Au Centre culturel italien de Paris, intéressante petite exposition consacrée à Carlo Mollino (1905-1973), ingénieur, architecte, décorateur et designer. Ayant hérité de son père ingénieur-architecte une fortune considérable qui le mit à l’abri du besoin, Mollino put s’offrir le luxe de choisir ses clients et de n’accepter que les commandes qui l’intéressaient. Si bien qu’il dessina relativement peu d’édifices et d’éléments de mobilier (pièces souvent uniques, qui valent aujourd’hui des fortunes).
Ex-enfant surdoué, perfectionniste jusqu’à la maniaquerie – le genre à dessiner la pièce exacte dont il a besoin, puis la machine-outil qui permettra d’usiner cette pièce ; l’argent n’est jamais un problème –, Mollino est l’homme des passions successives, qui déteste se répéter. Il se donne à fond à un sujet ou un projet puis, l’ayant épuisé, passe à autre chose. Quelques constantes, tout de même. 1) L’amour de la photographie, à laquelle il consacrera un gros essai, le Message de la chambre obscure. Sa vie durant, Mollino documentera méthodiquement par la photo ses travaux et ses voyages. 2) le goût de la vitesse, et des engins de vitesse. Il conçoit une méthode pionnière de ski alpin, qui donne lieu à un livre illustré de diagrammes et de photographies (après quoi, fini le ski, il n’y reviendra plus). Il dessine un modèle de voiture de course aux lignes futuristes, qui remportera les vingt-quatre heures du Mans dans sa catégorie. Il acquiert plusieurs avions, qu’il pilote lui-même, évidemment.
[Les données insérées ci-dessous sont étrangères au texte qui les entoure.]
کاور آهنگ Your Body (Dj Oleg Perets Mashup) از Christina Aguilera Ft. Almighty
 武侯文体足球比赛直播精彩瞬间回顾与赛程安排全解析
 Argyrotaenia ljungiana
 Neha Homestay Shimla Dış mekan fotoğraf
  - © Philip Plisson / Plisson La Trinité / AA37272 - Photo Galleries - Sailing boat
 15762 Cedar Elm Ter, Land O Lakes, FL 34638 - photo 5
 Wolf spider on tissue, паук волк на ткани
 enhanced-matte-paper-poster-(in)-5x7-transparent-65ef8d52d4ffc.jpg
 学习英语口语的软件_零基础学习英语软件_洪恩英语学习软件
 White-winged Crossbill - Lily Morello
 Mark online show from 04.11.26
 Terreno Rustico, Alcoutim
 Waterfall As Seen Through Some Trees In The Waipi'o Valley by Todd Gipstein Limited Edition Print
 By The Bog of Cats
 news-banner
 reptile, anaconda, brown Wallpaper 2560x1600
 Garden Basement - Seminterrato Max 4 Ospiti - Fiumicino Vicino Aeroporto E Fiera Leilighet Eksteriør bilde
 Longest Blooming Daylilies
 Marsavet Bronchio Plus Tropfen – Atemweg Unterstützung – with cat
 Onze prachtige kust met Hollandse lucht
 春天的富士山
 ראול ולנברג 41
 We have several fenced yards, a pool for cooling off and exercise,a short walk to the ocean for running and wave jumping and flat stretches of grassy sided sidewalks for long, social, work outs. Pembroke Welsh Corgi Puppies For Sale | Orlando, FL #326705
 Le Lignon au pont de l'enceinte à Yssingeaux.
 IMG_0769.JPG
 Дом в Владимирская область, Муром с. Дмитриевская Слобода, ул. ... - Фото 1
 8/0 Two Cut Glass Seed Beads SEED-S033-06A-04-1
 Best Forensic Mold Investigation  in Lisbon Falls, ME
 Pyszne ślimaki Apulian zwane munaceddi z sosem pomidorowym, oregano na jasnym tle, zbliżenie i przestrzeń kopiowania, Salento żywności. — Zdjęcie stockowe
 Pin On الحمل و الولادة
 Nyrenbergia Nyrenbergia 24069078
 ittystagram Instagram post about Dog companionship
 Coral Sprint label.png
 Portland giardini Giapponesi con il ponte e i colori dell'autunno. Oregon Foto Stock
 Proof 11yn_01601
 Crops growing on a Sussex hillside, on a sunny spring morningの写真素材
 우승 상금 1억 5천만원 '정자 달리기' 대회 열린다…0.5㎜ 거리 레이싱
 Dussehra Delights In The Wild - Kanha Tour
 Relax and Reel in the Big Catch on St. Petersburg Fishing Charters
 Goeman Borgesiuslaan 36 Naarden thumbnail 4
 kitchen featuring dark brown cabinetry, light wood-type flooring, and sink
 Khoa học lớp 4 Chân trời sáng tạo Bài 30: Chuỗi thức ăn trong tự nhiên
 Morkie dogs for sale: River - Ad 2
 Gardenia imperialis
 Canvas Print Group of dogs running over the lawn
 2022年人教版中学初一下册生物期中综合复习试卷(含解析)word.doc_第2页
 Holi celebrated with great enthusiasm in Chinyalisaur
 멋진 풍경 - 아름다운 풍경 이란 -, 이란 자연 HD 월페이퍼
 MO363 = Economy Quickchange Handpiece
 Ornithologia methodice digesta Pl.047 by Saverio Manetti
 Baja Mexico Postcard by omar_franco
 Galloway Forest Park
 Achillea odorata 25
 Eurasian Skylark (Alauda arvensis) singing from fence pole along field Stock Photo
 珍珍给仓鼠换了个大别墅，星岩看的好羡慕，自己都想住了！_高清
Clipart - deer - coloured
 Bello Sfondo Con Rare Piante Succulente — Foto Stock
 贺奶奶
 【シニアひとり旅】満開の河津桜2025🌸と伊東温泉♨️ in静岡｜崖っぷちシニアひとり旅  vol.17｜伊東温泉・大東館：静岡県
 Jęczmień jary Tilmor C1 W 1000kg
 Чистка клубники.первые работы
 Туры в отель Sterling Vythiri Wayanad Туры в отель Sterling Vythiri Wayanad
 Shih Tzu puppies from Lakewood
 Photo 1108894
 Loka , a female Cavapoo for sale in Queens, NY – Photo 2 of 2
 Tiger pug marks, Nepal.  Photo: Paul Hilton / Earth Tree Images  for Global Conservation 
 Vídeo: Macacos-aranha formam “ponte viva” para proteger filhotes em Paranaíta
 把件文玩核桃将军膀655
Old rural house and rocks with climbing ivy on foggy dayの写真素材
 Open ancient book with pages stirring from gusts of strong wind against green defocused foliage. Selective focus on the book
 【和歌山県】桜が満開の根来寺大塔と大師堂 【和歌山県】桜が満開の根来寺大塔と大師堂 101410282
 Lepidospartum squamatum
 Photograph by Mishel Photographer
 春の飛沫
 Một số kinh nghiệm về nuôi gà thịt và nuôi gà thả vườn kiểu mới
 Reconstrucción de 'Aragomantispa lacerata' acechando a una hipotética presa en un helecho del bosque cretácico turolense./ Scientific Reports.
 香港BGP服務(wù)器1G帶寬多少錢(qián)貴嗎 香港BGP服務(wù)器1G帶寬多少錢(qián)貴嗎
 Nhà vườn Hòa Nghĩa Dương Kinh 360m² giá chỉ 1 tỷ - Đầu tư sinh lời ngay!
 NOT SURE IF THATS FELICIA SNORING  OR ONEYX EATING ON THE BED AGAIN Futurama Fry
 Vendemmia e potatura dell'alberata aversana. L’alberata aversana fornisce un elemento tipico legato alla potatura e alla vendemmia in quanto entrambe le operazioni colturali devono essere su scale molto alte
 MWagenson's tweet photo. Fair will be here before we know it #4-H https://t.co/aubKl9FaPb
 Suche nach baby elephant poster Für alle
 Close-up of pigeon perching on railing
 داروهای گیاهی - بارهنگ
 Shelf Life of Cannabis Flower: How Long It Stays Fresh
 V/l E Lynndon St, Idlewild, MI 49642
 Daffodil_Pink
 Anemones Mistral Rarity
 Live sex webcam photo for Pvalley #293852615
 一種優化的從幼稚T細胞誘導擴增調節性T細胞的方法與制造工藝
Mollino fut un personnage excentrique et secret, au caractère ombrageux, à la vie soigneusement compartimentée. À sa mort, on découvrit plusieurs centaines de photos et polaroids érotiques qu’il réalisait de nuit dans un appartement loué en secret et transformé en studio ; on y perçoit l’importance du rituel et de la théâtralité dans l’imaginaire de ce grand obsessionnel. On découvrit aussi l’existence d’un autre appartement, au premier étage d’une villa donnant sur le Po, dont Mollino n’avait parlé à personne et qu’il n’avait jamais habité, entièrement réaménagé et décoré par ses soins, et conçu comme un cénotaphe ou un tombeau égyptien. Rien, de la disposition repensée des pièces au moindre élément de décor, n’y semble avoir été laissé au hasard.